(Exercise requirements) For the records shown below, return an exact copy that excludes the pictures.

--- Task input ---

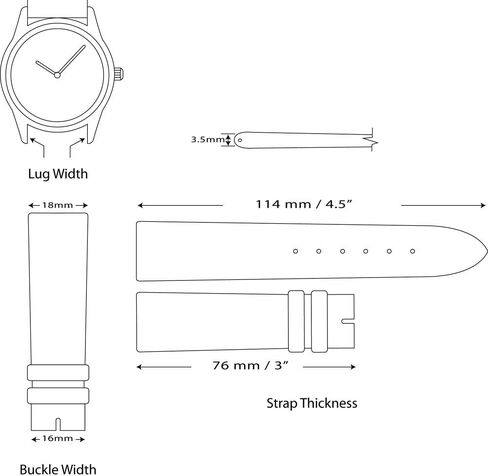 Lizard Grain Leather Watch Band - Choice of Color - (Black, Brown, Havana) & Width - (12, 14, 16, 17, 18, 19, or 20mm) in Kuwait
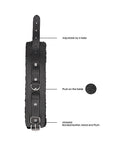 Ouch! Black & White Adjustable Plush Bonded Leather Hand Cuffs Black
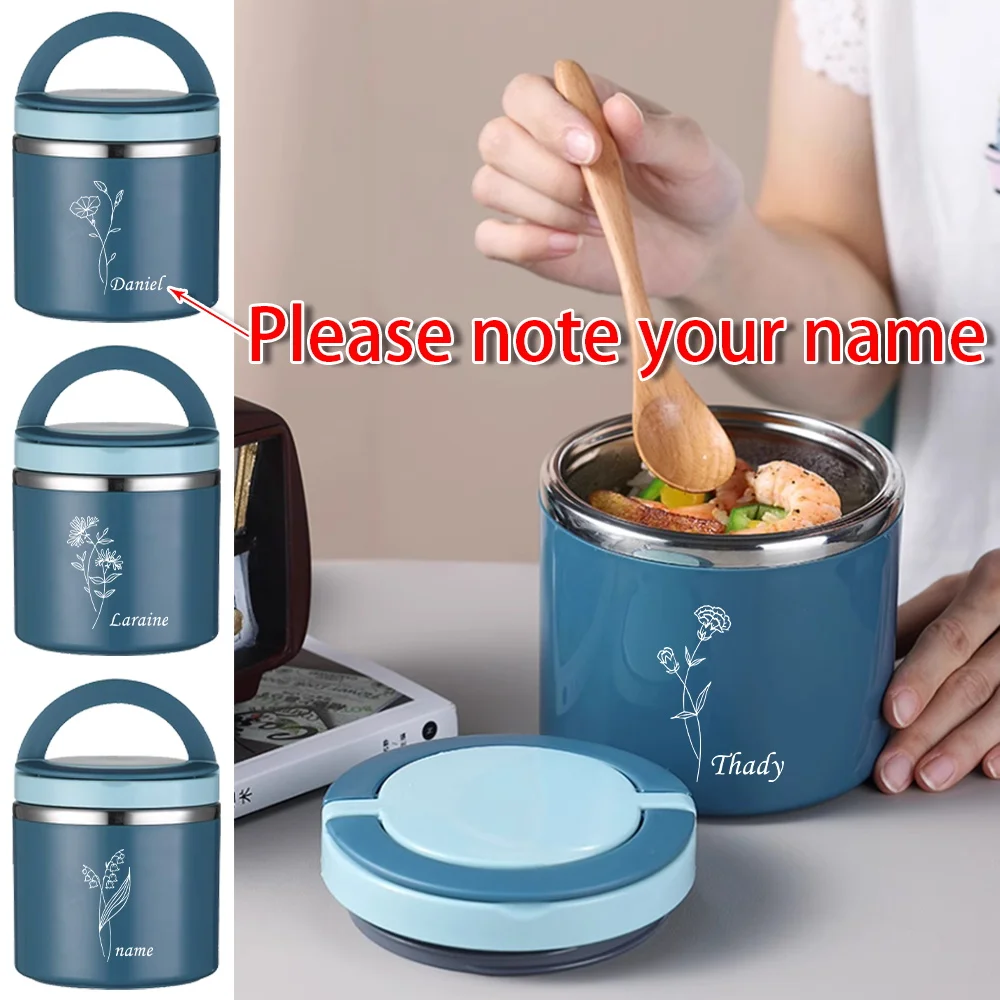 

Персонализированный ланч-бокс с именем, легкий, с индивидуальным рисунком, для офисных работников, термоизолированный, мини, простой, для путешествий и пикников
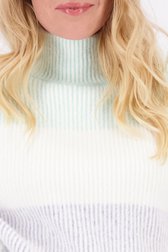 Détail de Pull écru à rayures vertes et lilas de Liberty Loving nature pour Femmes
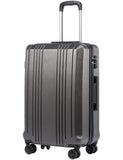 Coolife Luggage PC+ABS Hardshell Suitcase with TSA Lock, Spinner Checked Lightweight (grey, M(24IN))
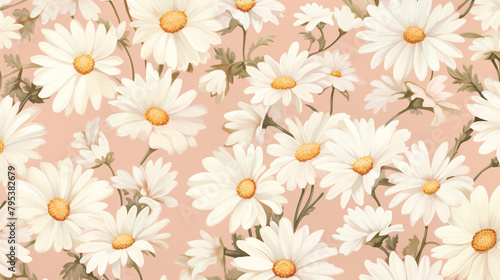 Soft shadows playing on a field of daisies  forming a seamless and mesmerizing 70s-inspired pattern that evokes a sense of nostalgia.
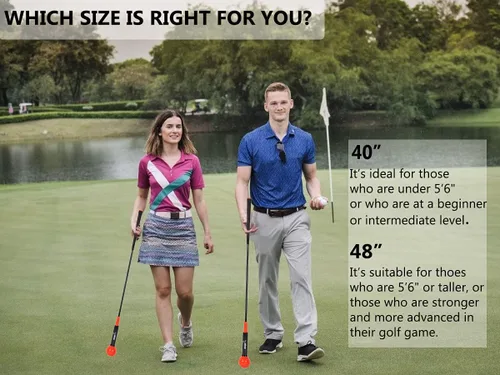 Miniatura 5 de Entrenador de swing de golf de 48 pulgadas/40 pulgadas, palo de calentamiento para fuerza, flexibilidad, entrenamiento de tempo, ayuda de práctica
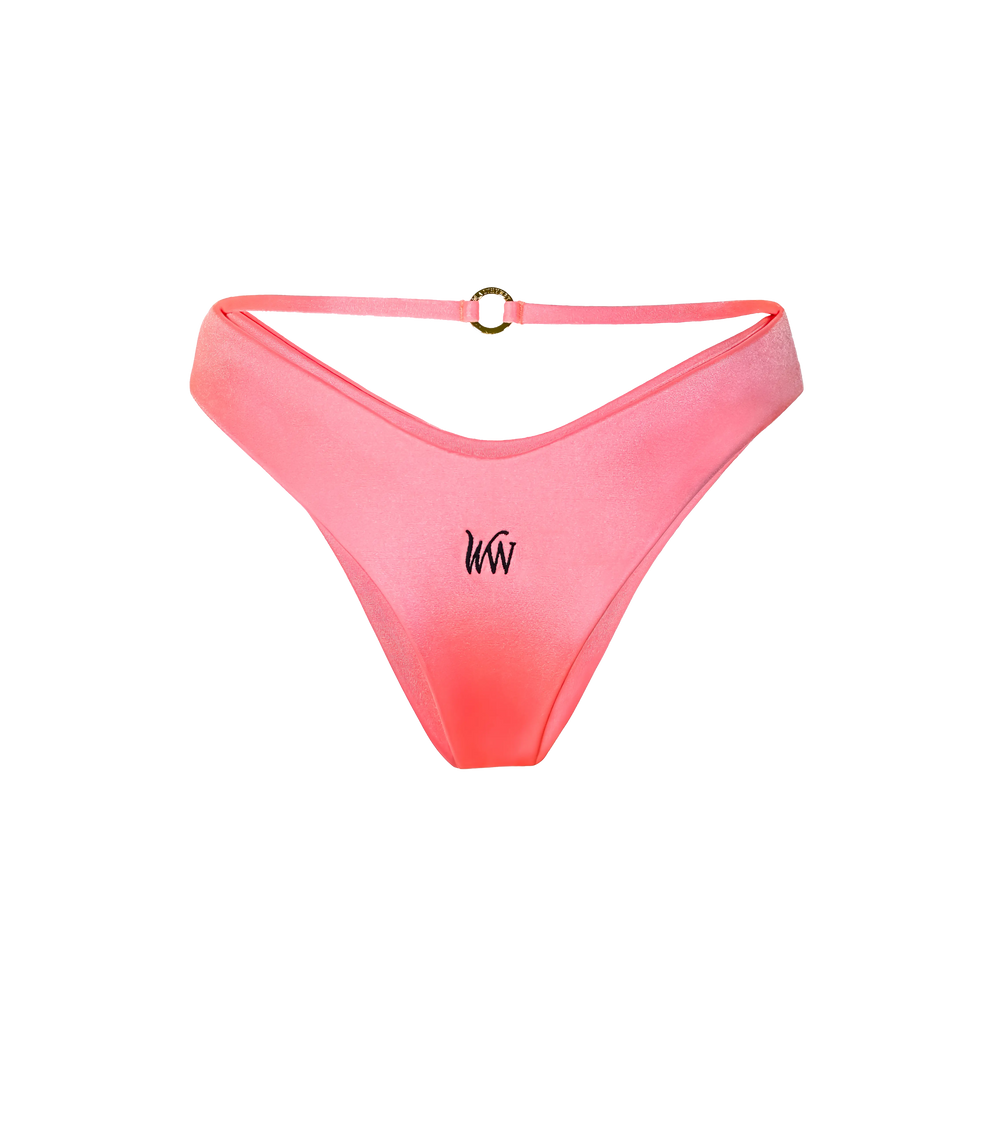 The back of a bright pink-orange bikini bottoms with a string detail that has a branded ring on the back. The swimwear bottoms have a black WW logo on the back.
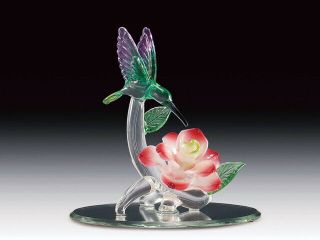 Glass Purple And Green Hummingbird Figurine With Pink Rose Figurines Birds 4 " H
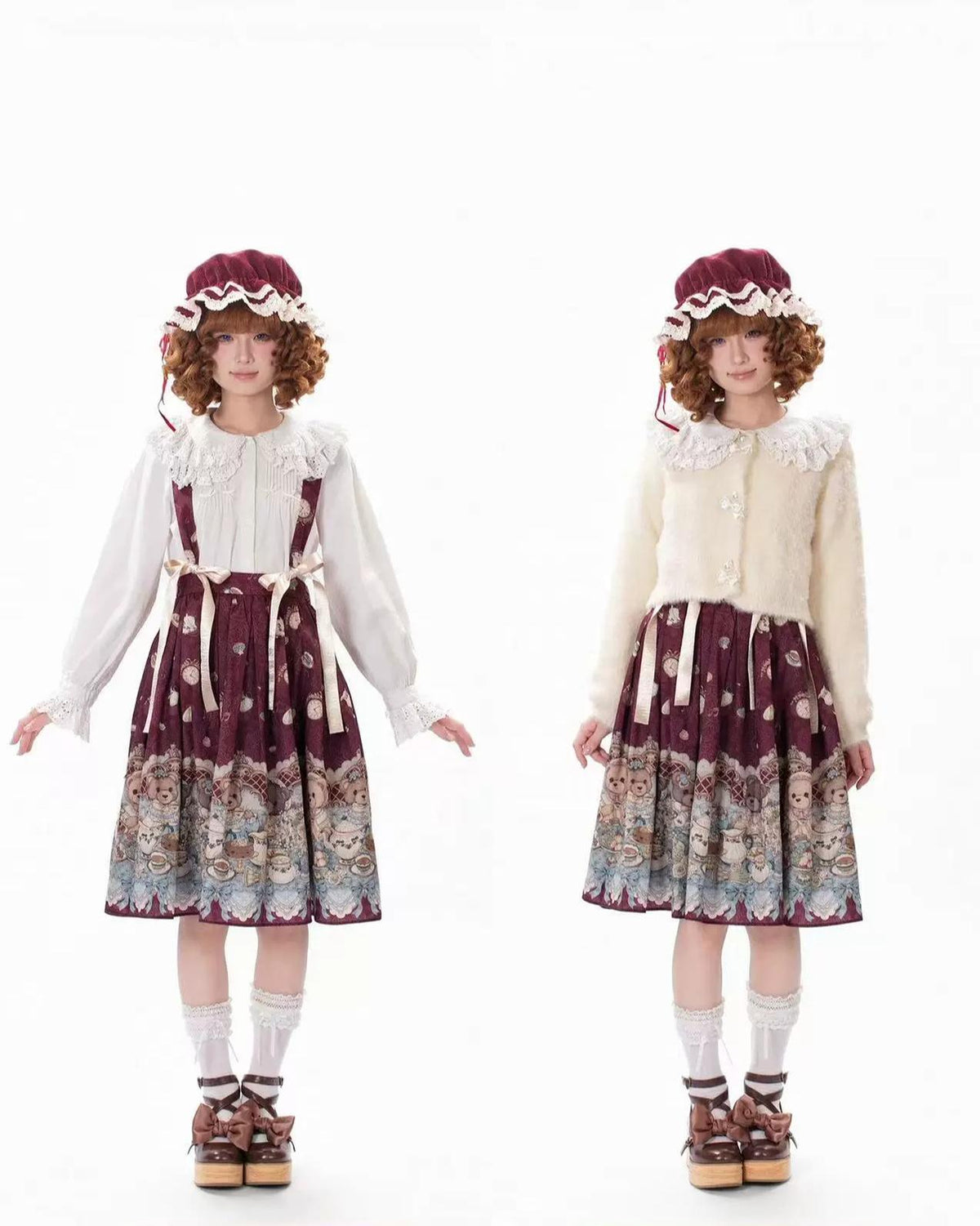 Bear's Tea Party - Kawaii Vintage Lolita Suspender Skirt, Bear Print 46007:871907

---

(Written response)
 Lizard Grain Leather Watch Band - Choice of Color - (Black, Brown, Havana) & Width - (12, 14, 16, 17, 18, 19, or 20mm) in Kuwait
 Ouch! Black & White Adjustable Plush Bonded Leather Hand Cuffs Black

Персонализированный ланч-бокс с именем, легкий, с индивидуальным рисунком, для офисных работников, термоизолированный, мини, простой, для путешествий и пикников
 Détail de Pull écru à rayures vertes et lilas de Liberty Loving nature pour Femmes
 Coolife Luggage PC+ABS Hardshell Suitcase with TSA Lock, Spinner Checked Lightweight (grey, M(24IN))
 Soft shadows playing on a field of daisies  forming a seamless and mesmerizing 70s-inspired pattern that evokes a sense of nostalgia.
 Miniatura 5 de Entrenador de swing de golf de 48 pulgadas/40 pulgadas, palo de calentamiento para fuerza, flexibilidad, entrenamiento de tempo, ayuda de práctica
 The back of a bright pink-orange bikini bottoms with a string detail that has a branded ring on the back. The swimwear bottoms have a black WW logo on the back.
 Glass Purple And Green Hummingbird Figurine With Pink Rose Figurines Birds 4 " H
 Bear's Tea Party - Kawaii Vintage Lolita Suspender Skirt, Bear Print 46007:871907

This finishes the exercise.